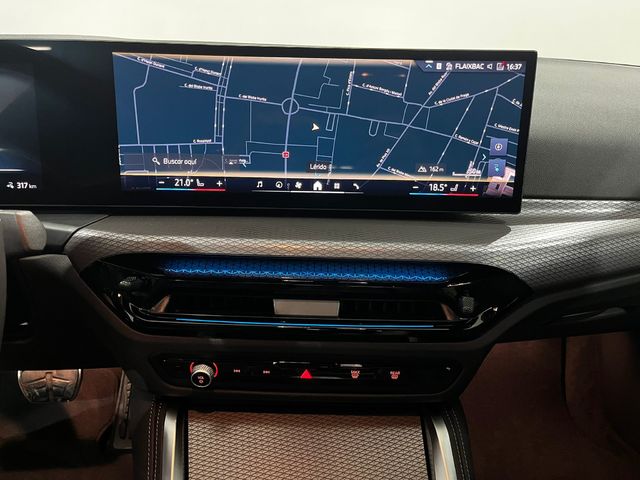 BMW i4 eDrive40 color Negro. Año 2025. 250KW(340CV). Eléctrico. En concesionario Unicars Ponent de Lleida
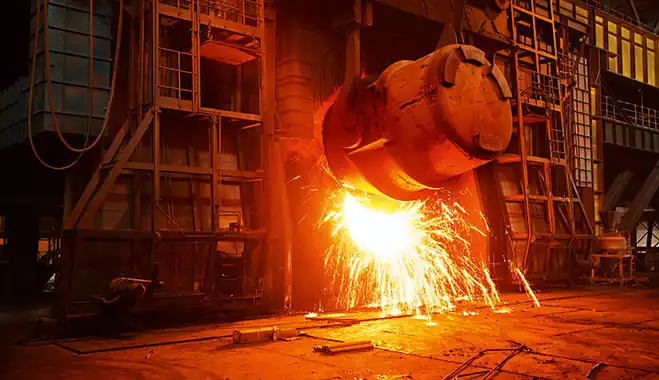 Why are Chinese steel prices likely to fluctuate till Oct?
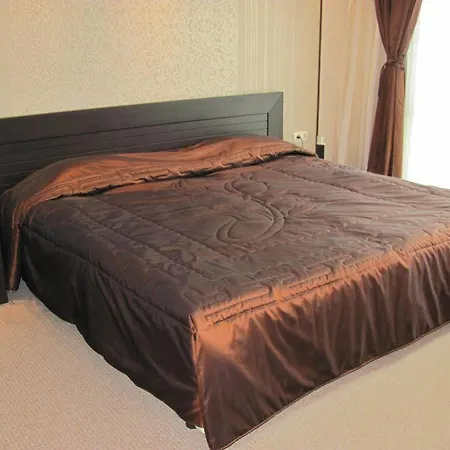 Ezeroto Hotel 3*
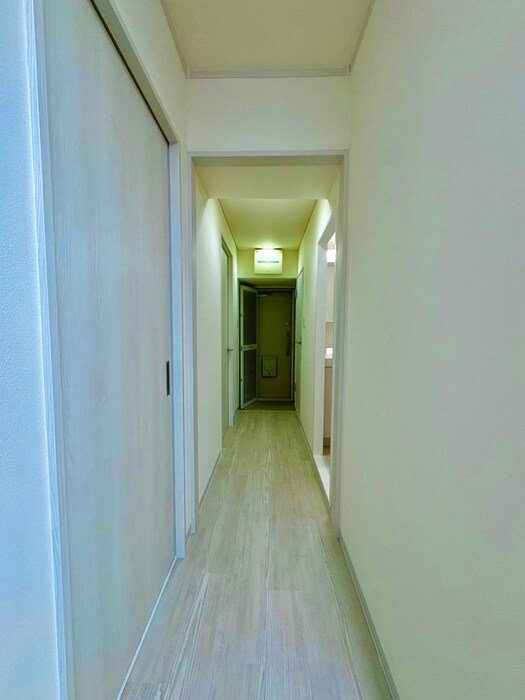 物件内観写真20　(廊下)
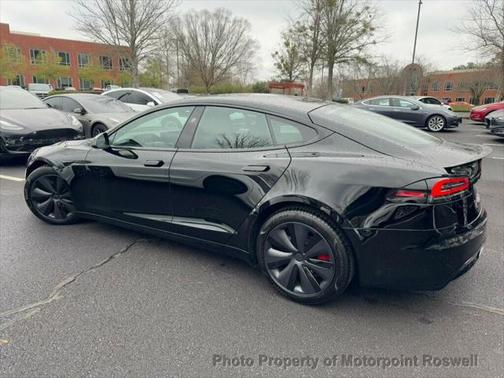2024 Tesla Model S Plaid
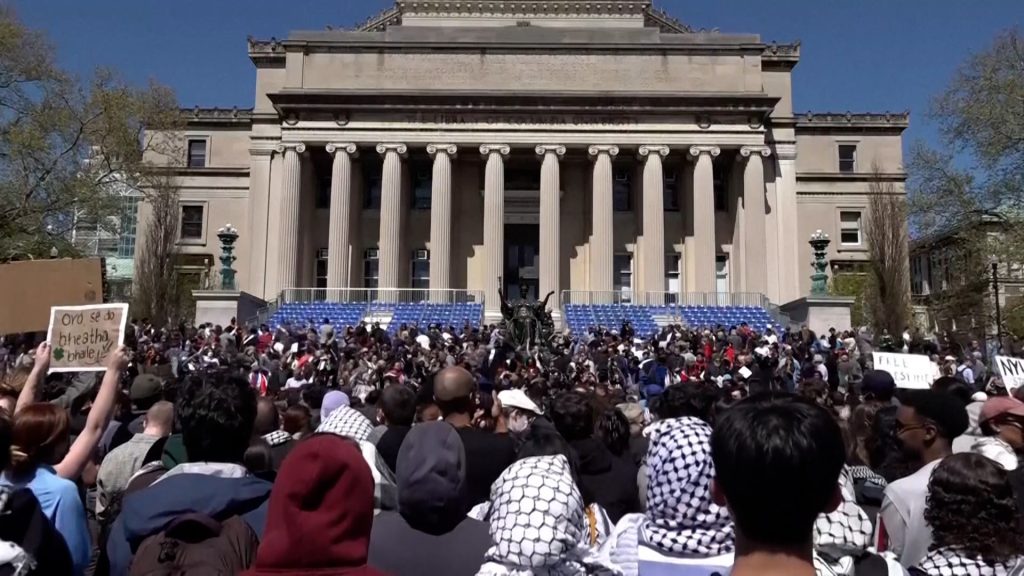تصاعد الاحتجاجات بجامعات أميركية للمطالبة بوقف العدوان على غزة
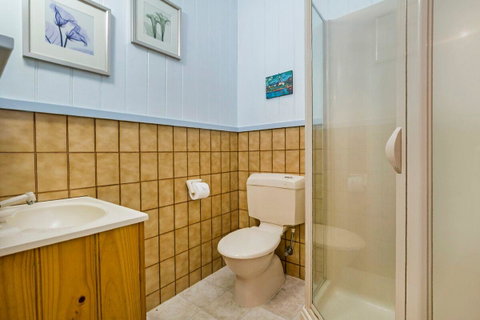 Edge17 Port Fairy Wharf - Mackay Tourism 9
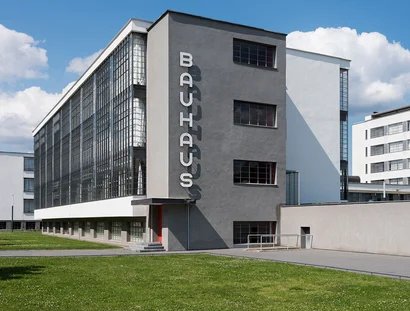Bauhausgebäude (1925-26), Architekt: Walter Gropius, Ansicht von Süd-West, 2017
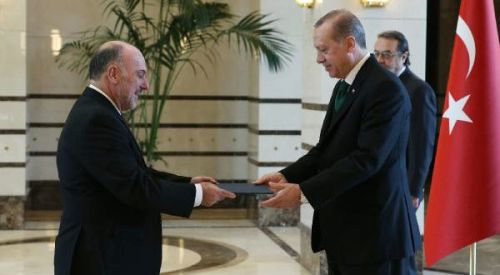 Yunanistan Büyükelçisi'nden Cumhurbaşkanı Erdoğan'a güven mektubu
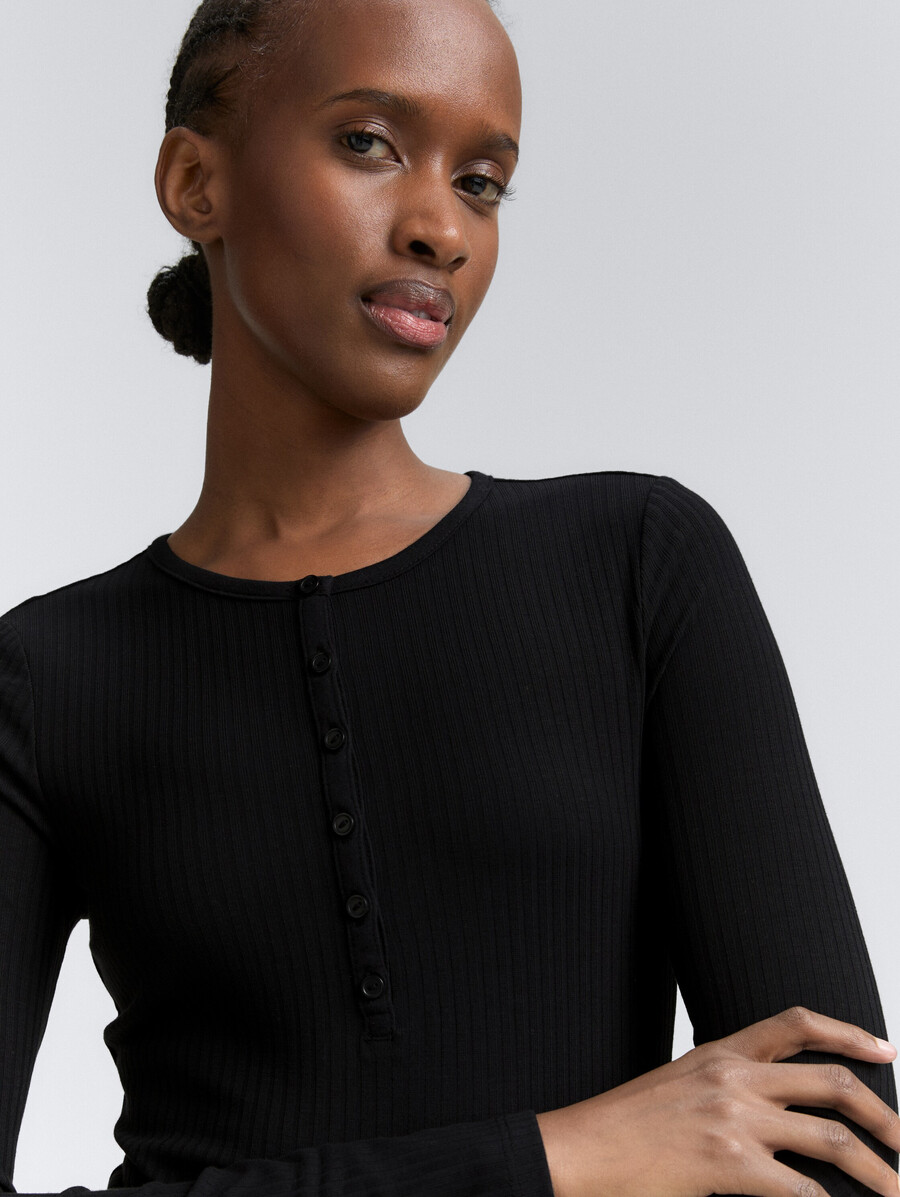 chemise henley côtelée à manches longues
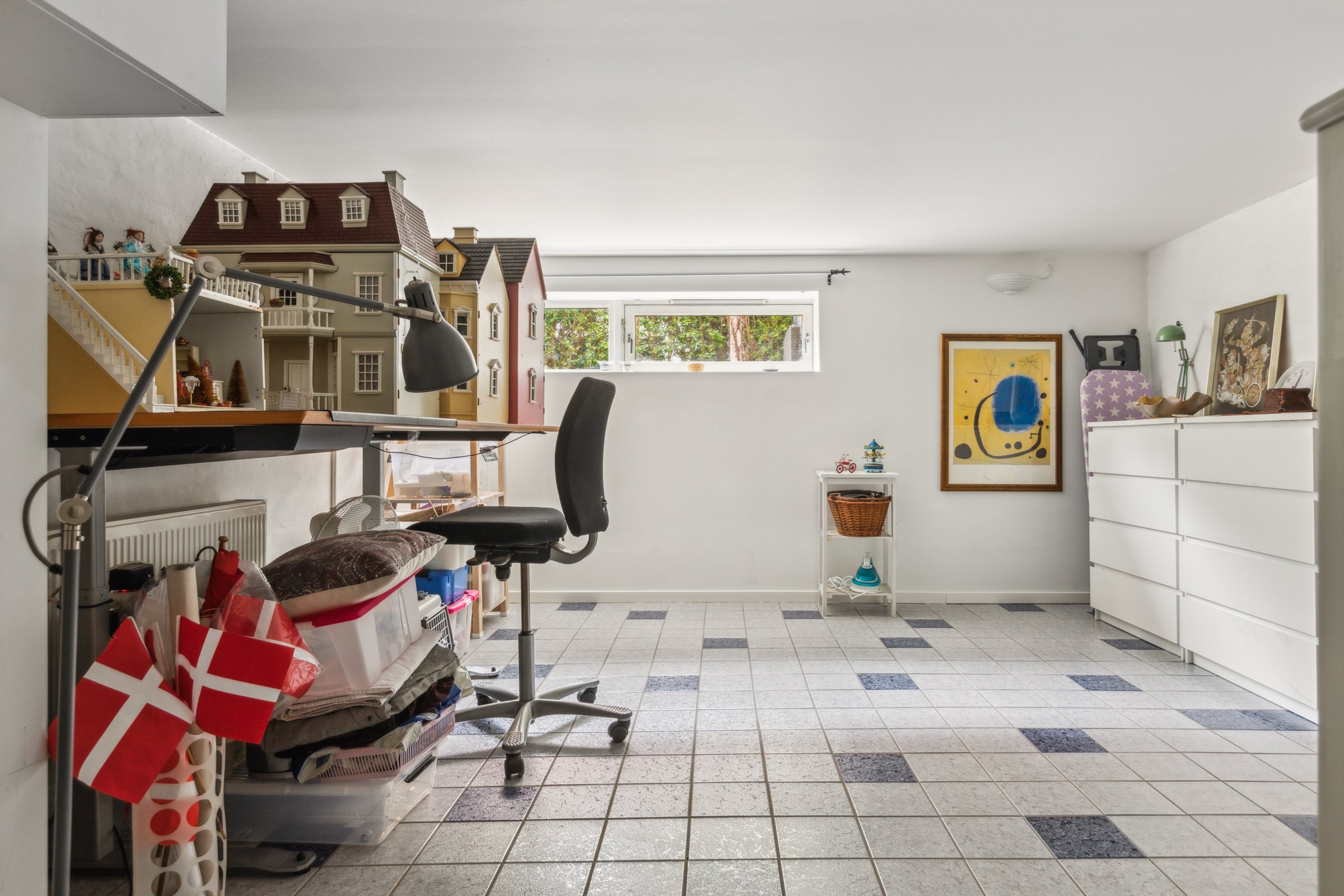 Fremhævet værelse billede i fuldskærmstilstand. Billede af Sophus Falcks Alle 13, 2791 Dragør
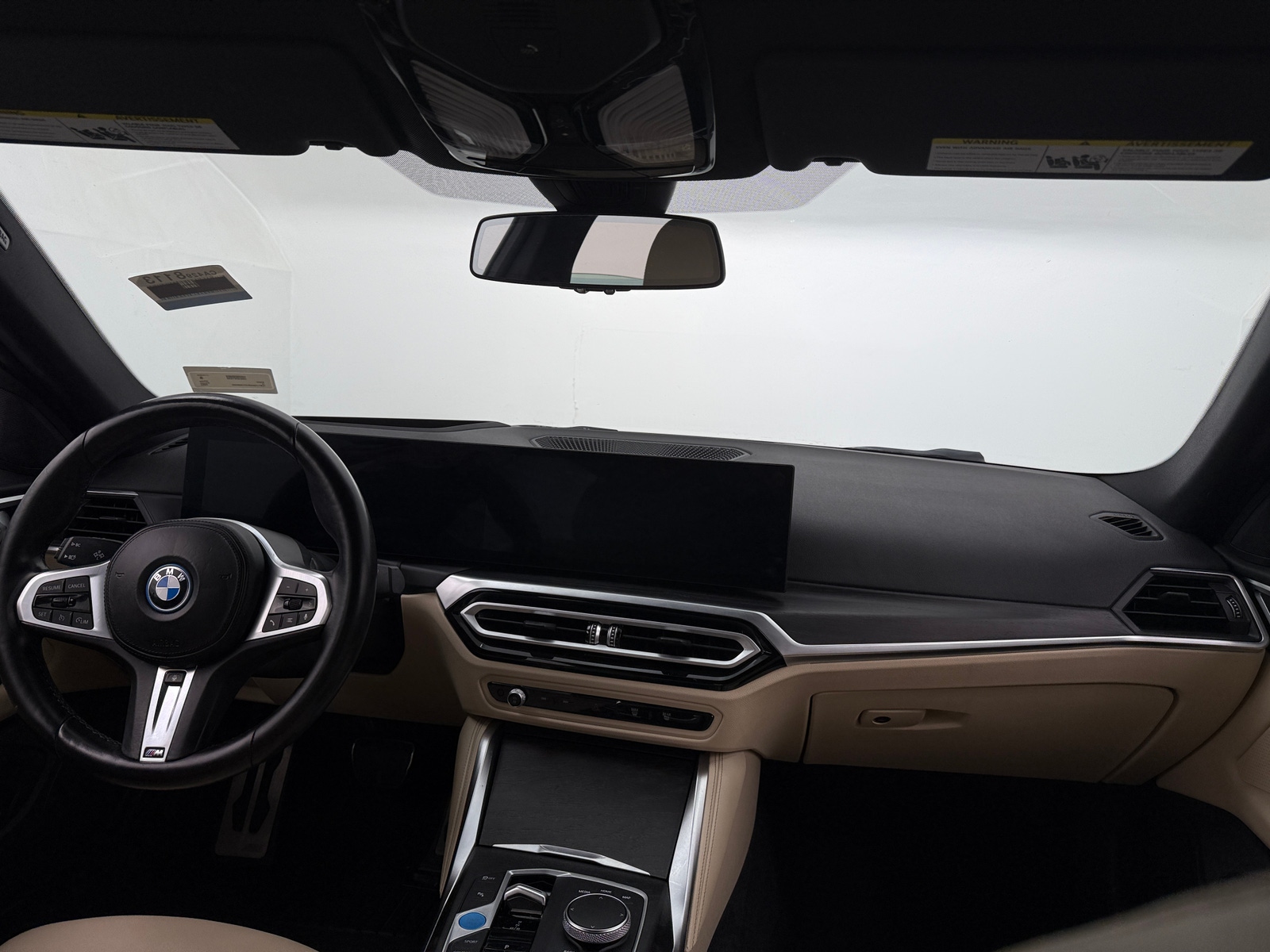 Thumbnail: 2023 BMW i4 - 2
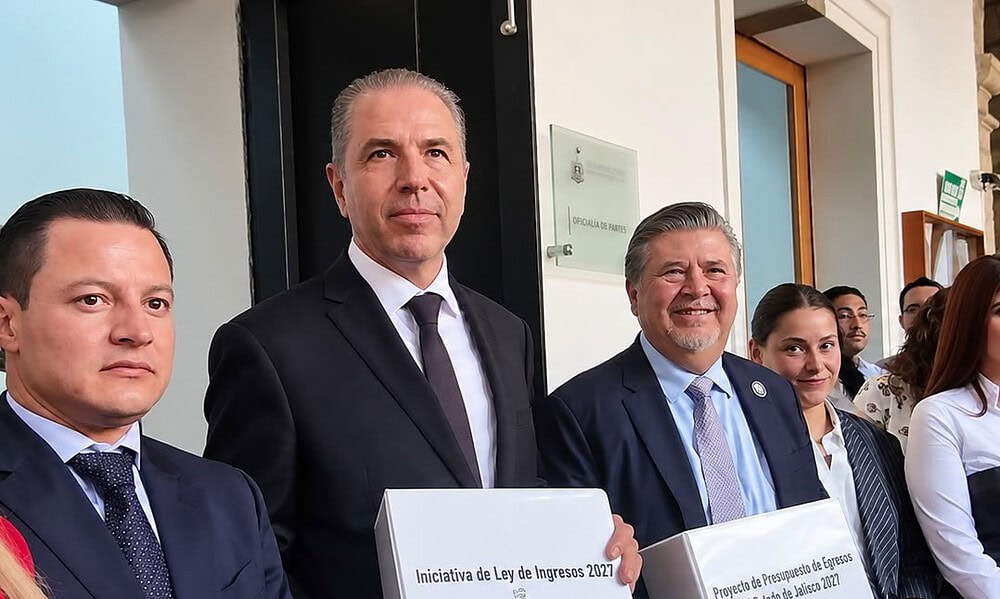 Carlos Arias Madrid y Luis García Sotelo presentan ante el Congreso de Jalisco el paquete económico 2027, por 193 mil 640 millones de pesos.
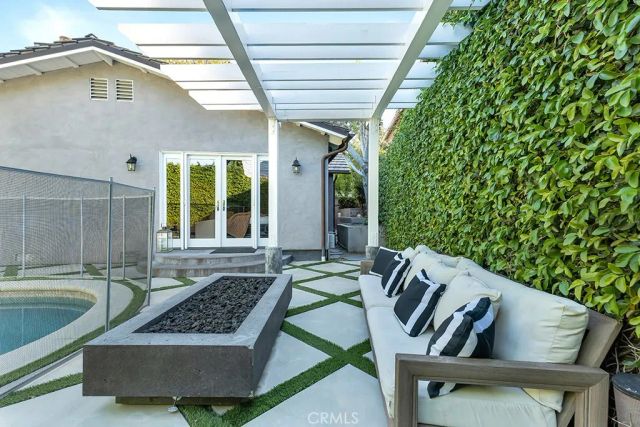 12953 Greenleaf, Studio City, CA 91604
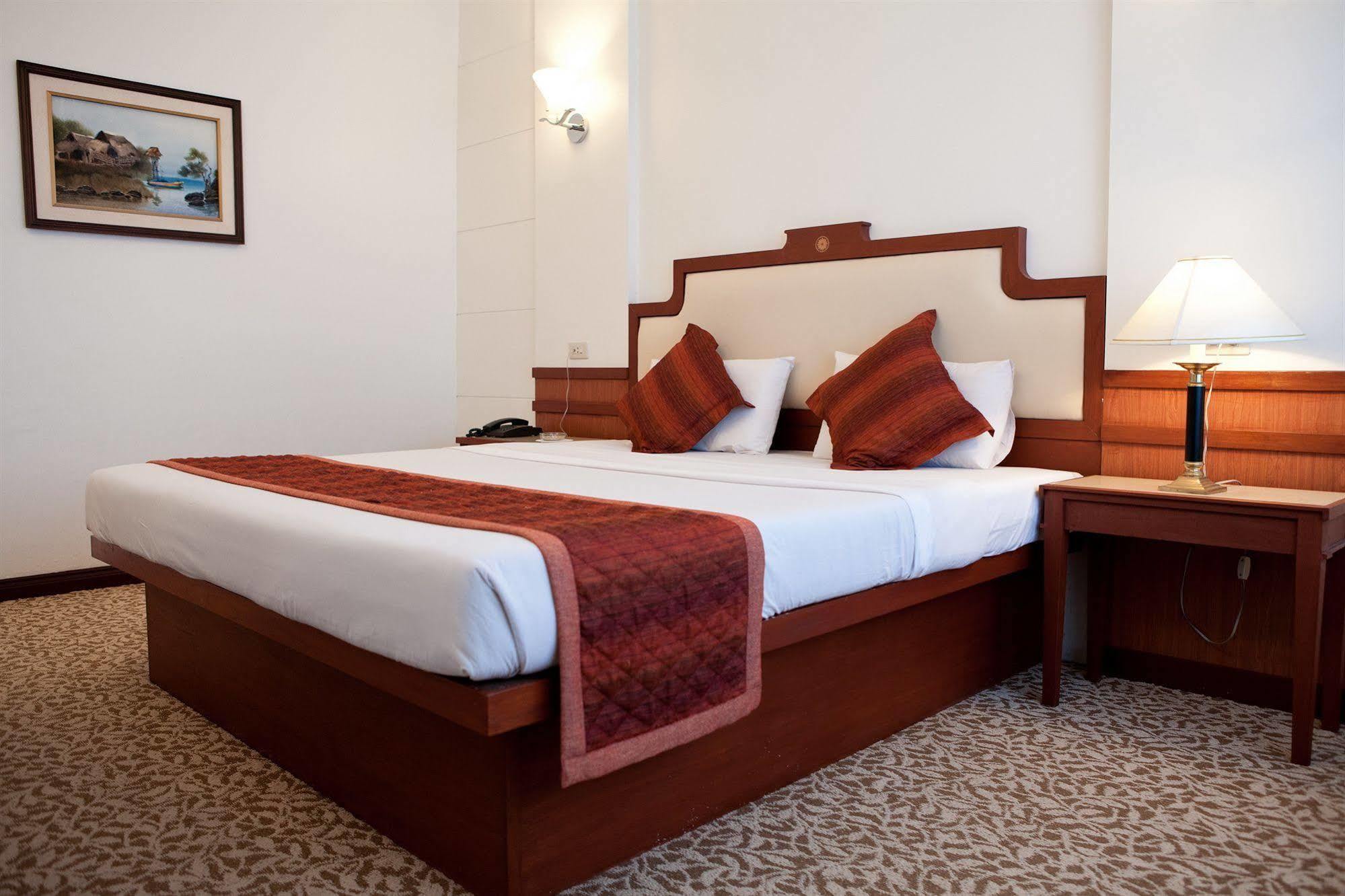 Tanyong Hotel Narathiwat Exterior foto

» WHAT THIS TASK INVOLVES:
Pictures excluded, set down all the entries exactly.

» WRITTEN SOLUTION:
 BMW i4 eDrive40 color Negro. Año 2025. 250KW(340CV). Eléctrico. En concesionario Unicars Ponent de Lleida
 Why are Chinese steel prices likely to fluctuate till Oct?
 Ezeroto Hotel 3*
 物件内観写真20　(廊下)
2024 Tesla Model S Plaid
تصاعد الاحتجاجات بجامعات أميركية للمطالبة بوقف العدوان على غزة
 Edge17 Port Fairy Wharf - Mackay Tourism 9
Bauhausgebäude (1925-26), Architekt: Walter Gropius, Ansicht von Süd-West, 2017
 Yunanistan Büyükelçisi'nden Cumhurbaşkanı Erdoğan'a güven mektubu
 chemise henley côtelée à manches longues
 Fremhævet værelse billede i fuldskærmstilstand. Billede af Sophus Falcks Alle 13, 2791 Dragør
 Thumbnail: 2023 BMW i4 - 2
 Carlos Arias Madrid y Luis García Sotelo presentan ante el Congreso de Jalisco el paquete económico 2027, por 193 mil 640 millones de pesos.
 12953 Greenleaf, Studio City, CA 91604
 Tanyong Hotel Narathiwat Exterior foto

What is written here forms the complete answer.